## Input records
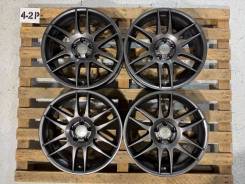 Work Esperio Design. 7.0x17", 5x100, ET50, �� 60���. ����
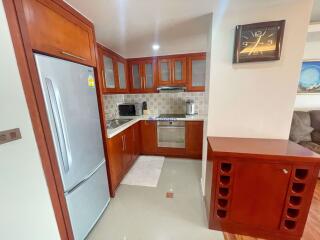 2 Bedrooms Condo in City Garden Pattaya Central Pattaya C001928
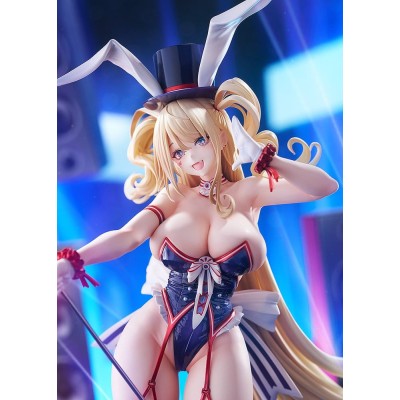 AZUR LANE - Guam Stage-Setting Charmer 1/7 Max Factory PVC Figure 30 cm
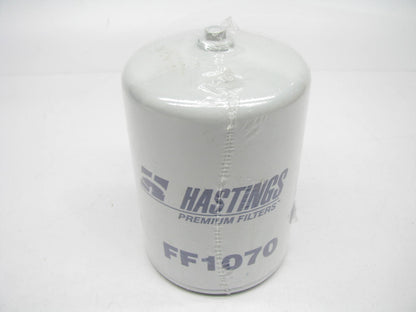 Hastings FF1070 Fuel Filter Replaces P3401 33357 L60043 LK136C FF989 FS1280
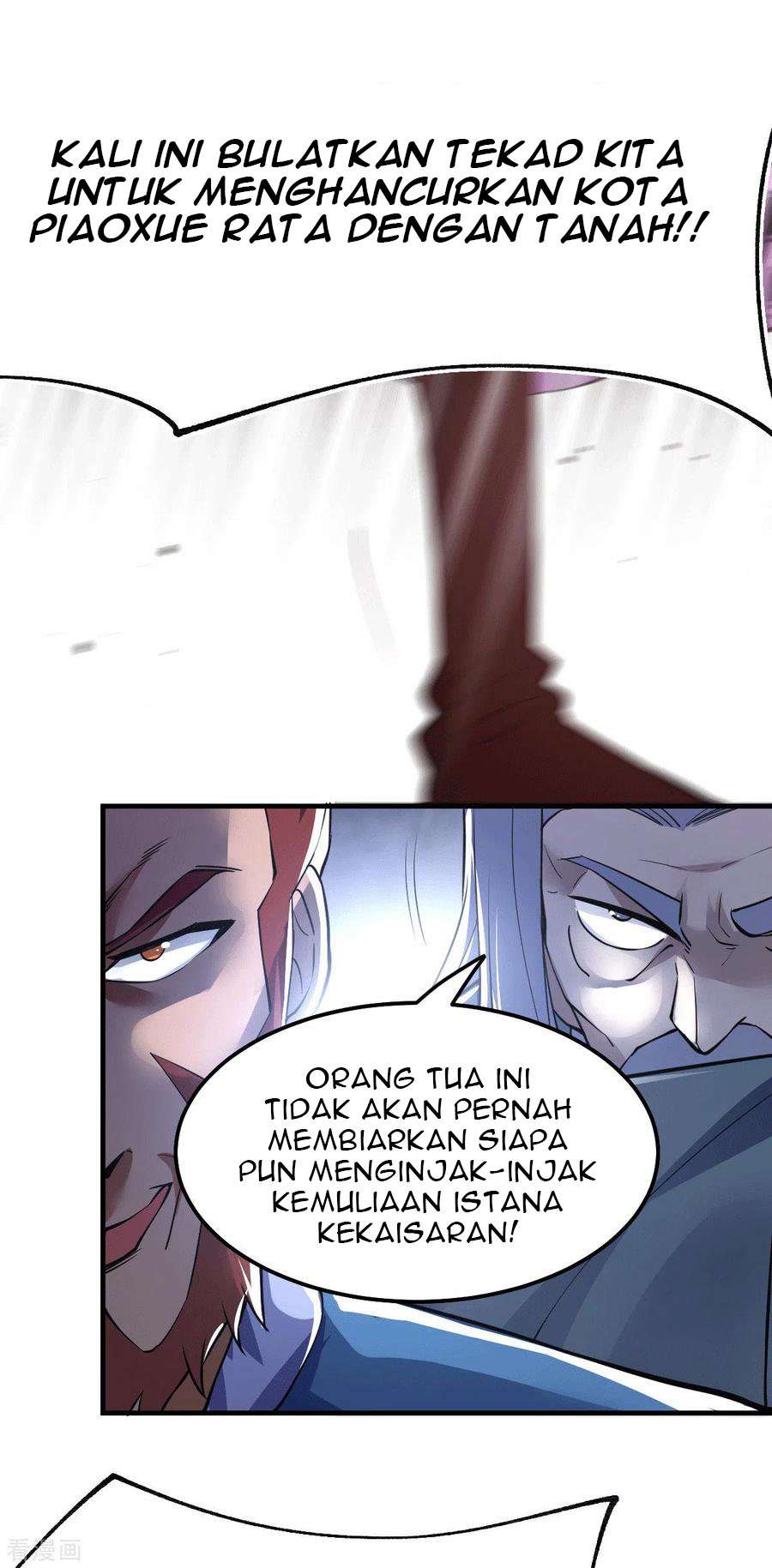 Son in Law Does Cheap Cultivation Chapter 72 Gambar 11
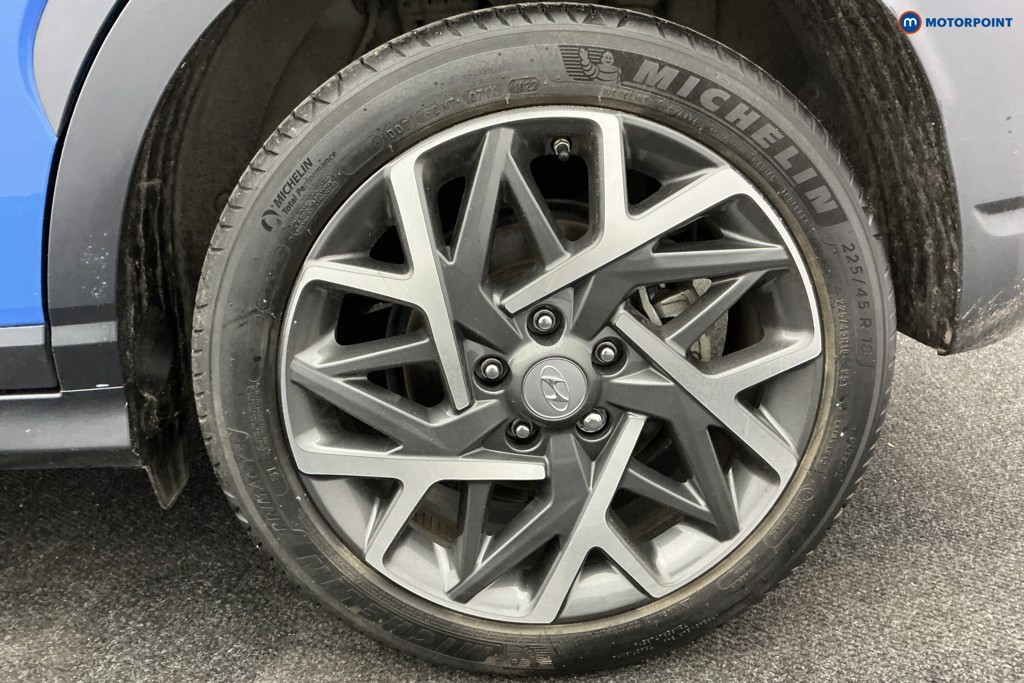 Used Hyundai KONA 2022 for sale - 77234206: Photo 44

## Action item
Give an exact copy of the listing above that leaves out every picture.

## Written response
 Work Esperio Design. 7.0x17", 5x100, ET50, �� 60���. ����
 2 Bedrooms Condo in City Garden Pattaya Central Pattaya C001928
 AZUR LANE - Guam Stage-Setting Charmer 1/7 Max Factory PVC Figure 30 cm
 Hastings FF1070 Fuel Filter Replaces P3401 33357 L60043 LK136C FF989 FS1280
 Son in Law Does Cheap Cultivation Chapter 72 Gambar 11
 Used Hyundai KONA 2022 for sale - 77234206: Photo 44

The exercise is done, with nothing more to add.